Dreaming, she turned and in silence retraced her way after her hostess, loitering by the window in the anteroom to watch a veiled girl drawing water at the old well in the center, an old well rich in arabesques.
How much happier, thought Arlee, were these serving maids in the freedom of their poverty than the cloistered aristocrats behind their darkened windows. She wondered if that strange figure beside her, half Moslem, half modern, envied the little maid the saucy jest which she flung at a bare-footed boy idling beside a dozing white donkey. As she watched the old-world quiet of the picture was broken. Some one, the doorkeeper, she thought, from his vivid robes and yellow shoes, came running across the court, shouting something at the girl which sent her flying to the house, her jar forgotten, and another man, an enormous Nubian with blue Turkish bloomers, short red jacket and a red fez, hurried across the court toward the _haremlik_.

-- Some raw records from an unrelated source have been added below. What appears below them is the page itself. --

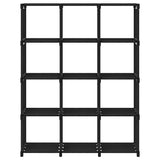 12-Cube Display Shelf Black 103x30x141 cm Fabric 322614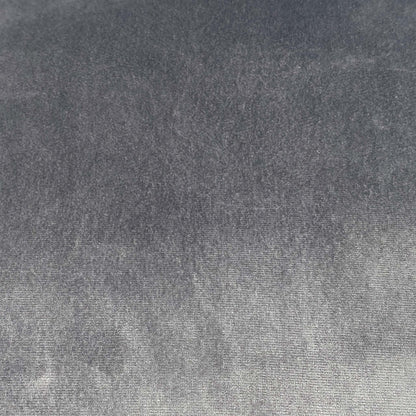 Close-up macro shot of the Grey Luxe Velvet fabric and silver studding, highlighting the plush texture and the precision-placed decorative metal accents.
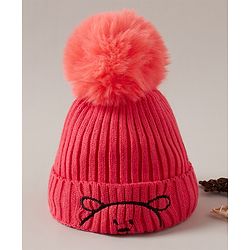 Babyhug Woolen Cap Pom Pom Design Red  - Diameter 12 cm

The lady stepped toward the screening and called down; the man stopped, raised his head, and shouted back a jargon of excited gutturals, waving his arms in vehement gesturing. His mistress interrupted with a brief question, then with another, then nodding her head indifferently to herself, she called down an order, apparently, and turned away.
"One of our servants is dead," she murmured to Arlee in explanation.
"They say now it is the plague."
"The plague?" repeated the girl absently. She was thinking what a hideous creature that great Nubian was. Then, more vividly, "The _plague_?"
"You have fear?" said the negligent voice.
Arlee nodded frankly. "Oh, yes, I should be terribly afraid of it,"
she averred. "Aren't you?" And then she reflected, as she saw the inscrutable smile playing about the older woman's lips, that she must be witnessing that fatalistic apathy of the East that she had read about.
But there was nothing apathetic about the Captain. He followed on the very heels of the announcement, his sword clanking, his spurs jingling, as he bounded up the stairs and hurried through the long, dim drawing-room toward them.
"You have heard?" he cried in English as they came to meet him. "You have heard?"
"Of the plague!" Arlee answered, wondering at his agitation. "Yes, your sister just told me. Is it really the plague?"
"So say those d.a.m.ned doctors--pardon, but they are such imbeciles!"
He made an angry gesture with his clenched hand. His face was tense and excited. "They say so. And there is another sick ... _Dieu_, what a misfortune! Truly, there was illness about us, a little, but who thought----"
"I shall run back to my hotel," said Arlee lightly, "before I catch one of your germs."
"To the hotel--a thousand pardons, but that is the thing forbidden."
The young man made a gesture, with empty palms outspread, eloquent of rebellion and despair. "Those doctors--those pig English--they have set a quarantine upon us!"
CHAPTER IV
A SORRY GUEST
"A quarantine?" said Arlee Beecher, in a perfectly flat little voice.